A recent project involved converting a small public LAN in a colocation facility into a private LAN behind a Cisco ASA firewall.  Two of the main reasons for doing so was to allow us to centrally manage host security as well as "move" IPs via simple NAT changes.

We purchased a new switch and the Cisco ASA appliance and did a rough configuration on our bench.  On the switch we created two simple Layer 2 VLANs to create a public and private virtual switch.  On the external LAN was our IP-based KVM and the external firewall interface.  For the migration of servers behind the firewall, we uplinked the external interface of the firewall to the existing switch in our cabinet.

First we moved our test server behind the firewall.  We created a private network and matched the last octet of the private IP network to the last octet of the public IP.  Using the default Port Address Translation (PAT) configuration to the external interface of the fierwall, our server was able to successfully connect to the internet.

Next I created a one to one NAT relationship on the ASA to map the previous external IP of the server to the new IP behind the ASA.  However once I completed that, I noticed the server lost internet connectivity.  We verified security rules were not a factor and even created an "allow all" rule for the purpose of troubleshooting.  Here were some of the items we found in testing...

  • Server behind the ASA could ping the ASA internal interface
  • Server behind the ASA could ping a host on the external network of the ASA interface
  • Server behind the ASA could NOT ping a host on the internet.
  • Server on external subnet (same as ASA) could ping the NAT'd public IP.
  • Servers from other locations could NOT ping the NAT'd public IP.
  • Switching back to PAT resolved the connectivity issue

We did quite a few things to try to discover the cause of this issue.
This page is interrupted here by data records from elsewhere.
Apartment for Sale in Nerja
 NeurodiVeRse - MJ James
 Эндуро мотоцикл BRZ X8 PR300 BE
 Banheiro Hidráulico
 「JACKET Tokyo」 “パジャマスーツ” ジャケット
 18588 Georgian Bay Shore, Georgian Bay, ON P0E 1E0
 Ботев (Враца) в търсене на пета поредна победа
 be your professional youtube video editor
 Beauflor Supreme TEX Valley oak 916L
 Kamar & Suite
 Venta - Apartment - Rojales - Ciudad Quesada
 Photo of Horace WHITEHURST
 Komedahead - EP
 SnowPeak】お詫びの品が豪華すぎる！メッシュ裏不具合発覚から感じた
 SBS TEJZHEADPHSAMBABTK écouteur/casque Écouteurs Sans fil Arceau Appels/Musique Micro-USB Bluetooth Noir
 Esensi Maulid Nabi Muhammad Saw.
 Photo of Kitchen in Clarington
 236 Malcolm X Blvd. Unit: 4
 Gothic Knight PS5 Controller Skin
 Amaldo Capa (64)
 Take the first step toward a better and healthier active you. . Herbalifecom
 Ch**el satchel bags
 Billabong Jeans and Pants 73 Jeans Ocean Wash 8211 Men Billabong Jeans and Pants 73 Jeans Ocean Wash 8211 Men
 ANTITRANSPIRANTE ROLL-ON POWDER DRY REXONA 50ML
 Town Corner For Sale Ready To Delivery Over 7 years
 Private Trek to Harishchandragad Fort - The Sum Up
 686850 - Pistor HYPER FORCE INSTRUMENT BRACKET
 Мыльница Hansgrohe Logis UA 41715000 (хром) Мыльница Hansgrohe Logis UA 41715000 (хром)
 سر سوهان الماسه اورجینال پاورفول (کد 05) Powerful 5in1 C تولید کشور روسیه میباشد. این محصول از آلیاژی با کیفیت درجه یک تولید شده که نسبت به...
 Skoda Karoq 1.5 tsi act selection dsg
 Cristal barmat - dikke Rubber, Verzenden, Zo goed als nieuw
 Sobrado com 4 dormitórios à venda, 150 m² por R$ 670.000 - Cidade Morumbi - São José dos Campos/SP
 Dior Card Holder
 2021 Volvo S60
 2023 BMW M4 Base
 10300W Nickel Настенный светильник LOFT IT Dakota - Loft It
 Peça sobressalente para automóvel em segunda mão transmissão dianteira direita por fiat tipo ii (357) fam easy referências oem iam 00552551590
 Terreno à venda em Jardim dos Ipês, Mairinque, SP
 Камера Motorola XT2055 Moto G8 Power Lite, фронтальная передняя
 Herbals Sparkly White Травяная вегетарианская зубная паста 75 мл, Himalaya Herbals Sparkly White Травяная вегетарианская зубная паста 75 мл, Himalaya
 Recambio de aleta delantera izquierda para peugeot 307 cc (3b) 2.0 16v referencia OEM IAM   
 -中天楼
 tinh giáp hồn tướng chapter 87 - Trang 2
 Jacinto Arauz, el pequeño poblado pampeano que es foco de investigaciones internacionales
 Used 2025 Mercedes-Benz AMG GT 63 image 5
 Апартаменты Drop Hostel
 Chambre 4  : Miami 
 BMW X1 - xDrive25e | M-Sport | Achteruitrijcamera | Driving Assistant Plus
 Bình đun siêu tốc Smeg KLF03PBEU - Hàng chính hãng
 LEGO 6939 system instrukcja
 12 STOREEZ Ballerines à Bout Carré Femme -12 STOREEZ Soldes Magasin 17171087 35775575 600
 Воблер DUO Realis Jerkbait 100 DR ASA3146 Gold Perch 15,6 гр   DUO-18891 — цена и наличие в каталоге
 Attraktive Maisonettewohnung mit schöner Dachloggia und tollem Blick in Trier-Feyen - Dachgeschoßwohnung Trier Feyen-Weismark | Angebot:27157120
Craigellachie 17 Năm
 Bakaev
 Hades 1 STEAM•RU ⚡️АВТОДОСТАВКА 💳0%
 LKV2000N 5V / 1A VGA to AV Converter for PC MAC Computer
  • Restarting the Firewall had no effect
  • Recycling the Switch had no effect
  • Moving the uplink and firewall external interface to the external VLAN of the NEW switch had no effect

We had ruled out the firewall as a cause since we could traverse from external to internal on the ASA and had created the "allow all" test rule. 

Anyway, we went home for the night.  The next morning the issue was still present.  Around lunchtime though, it all suddenly started working.   The idea of an Address Resolution Protocol (ARP) issue came to mind.  However we had rebooted both the old and new switch as well as the firewall.  Also the LONG time after where it started working... seemed TOO long to be an ARP cache issue.

What really nailed it was when we tried a one to one NAT of an IP we knew was previously not used.  VOILA, worked right away.  We spoke with one of the NOC engineers about the idea of the uplink router having an ARP cache problem. 

Later that day, we picked an extra public IP that we wanted to move.  We created some ping tests that we ran continuously.  NAT'ing the new address to the server behind the firewall created the same symptons, no internet access but the test server could ping our server on the outside of the firewall and vice versa.  We asked the NOC engineer to clear the cache.

PROBLEM SOLVED.  The upstream router's ARP cache was causing the issue.  We were blaming ourselves, but by testing as many scenarios as possible we were able to establish it was not in fact our issue.